Statoil sees U.S. shale profitable within two years at $50 oil

By Ernest Scheyder, Reuters News Service (Houston), March 6, 2017

Norwegian oil producer Statoil ASA expects its U.S. shale operations to be profitable within two years at crude prices of $50 per barrel, an improvement helped by simplifying operations, technological improvements and cost cuts.

Torgrim Reitan, Statoil’s head of United States operations, said in an interview that the company’s push for the lower break-even price is largely due to internal improvements that should stick regardless of any price hikes from service providers.

“Our business clearly makes sense in a $50 (per barrel) environment,” Reitan said Monday on the sidelines of the CERAWeek conference, the world’s largest gathering of energy executives. “It is remarkable to see how the whole industry has responded positively to the new price reality.”
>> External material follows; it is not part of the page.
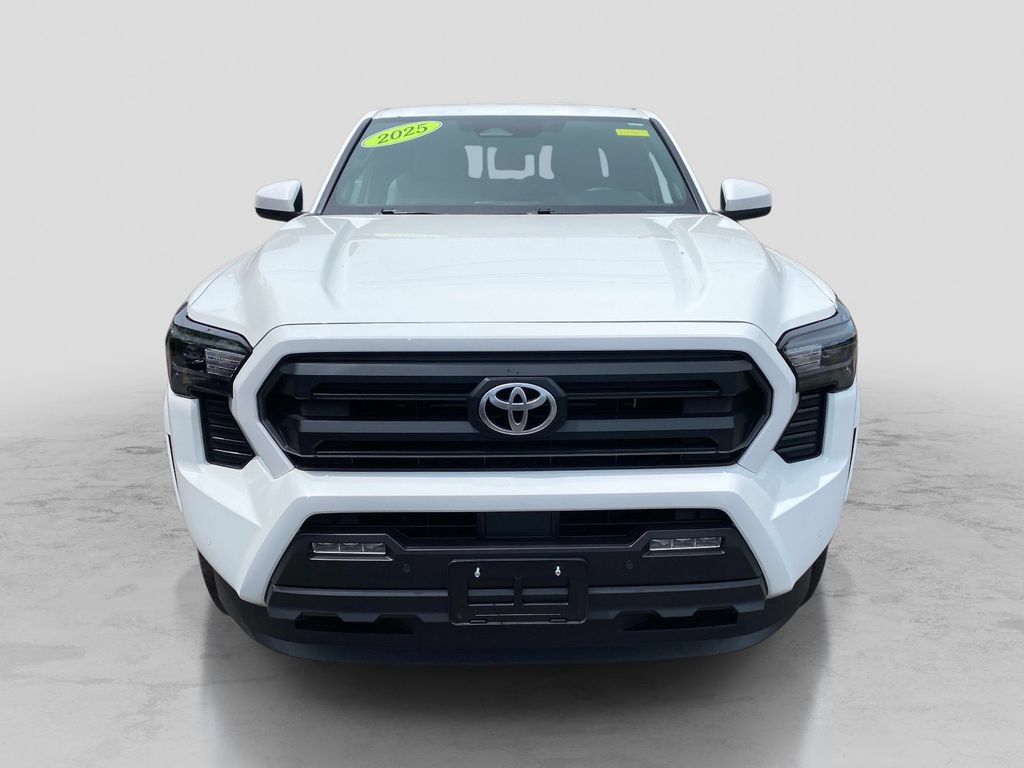 Used 2025 Toyota Tacoma SR5 AWD/4WD image 10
Statoil, which produces shale oil and natural gas in North Dakota’s Bakken, the Eagle Ford of Texas and the Marcellus of Pennsylvania, moved its U.S. operational staff to Austin, Texas, last year, a step Reitan said has helped push down costs.
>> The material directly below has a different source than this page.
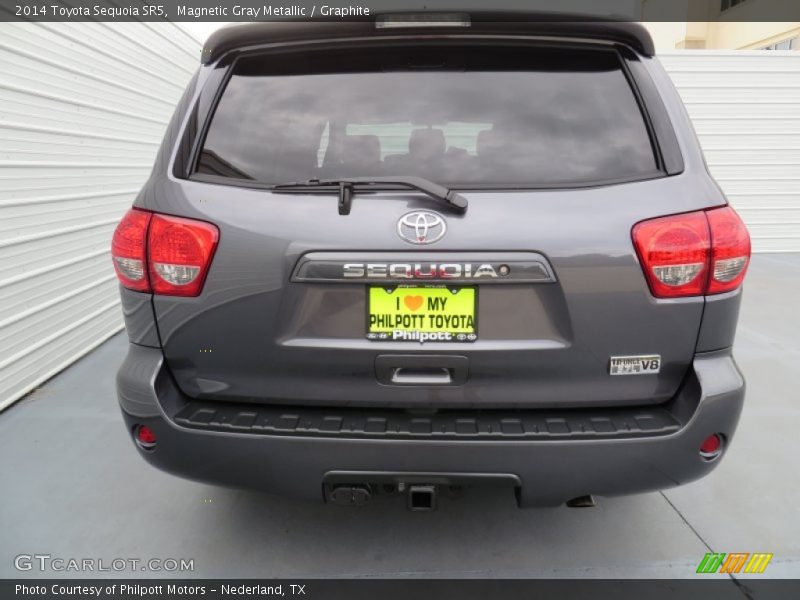 Magnetic Gray Metallic / Graphite 2014 Toyota Sequoia SR5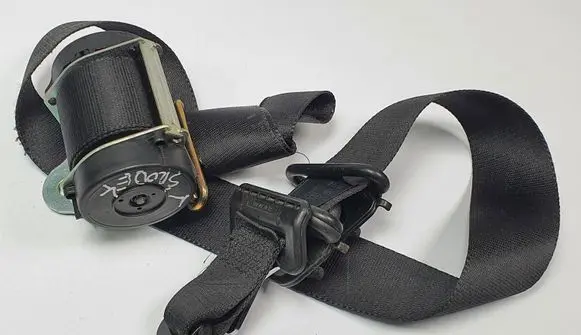 Ford C-MAX I Middle seatbelt (rear) 3M51-R511B68-BF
The company’s U.S. shale oil break-even price stood at $66 per barrel at the end of 2016, a 35 percent improvement from the prior year. That should drop to $50 by 2018, he said.

“That is clearly coming from us taking away complexity from development,” he said, adding Statoil’s process to approve new projects has become far more stringent since oil prices started to plunge two years ago.

The moves come as Statoil sees U.S. shale as one of three regions vital to its long-term growth potential, alongside Norway and Brazilian offshore.

U.S. shale “clearly makes sense in the current environment,” Reitan said. “It has a lot to offer moving forward.”

Statoil expects service costs in the United States to rise 20 percent “within a few years,” Reitan said, though he said he didn’t expect any increases to hinder its 2018 break-even goal.

The company has spoken little on OPEC policy and doesn’t forecast what the cartel could do at its next meeting in May, Reitan said.

“We need to be prepared for volatility, no matter what,” he said.

Reitan declined to comment on whether Statoil was interested in acquiring acreage in the Permian, the one bright spot in the U.S. shale industry today due in part to its relatively low cost of operations.

In the Bakken, one of the company’s largest areas of operations, Statoil plans to add a drilling rig this year and “slowly grow” output through the end of the decade, Reitan said.

Statoil supported the development of the controversial Dakota Access Pipeline, seeing pipe as the safest way to transport crude, even though the company did not contract for transport on the line, Reitan said.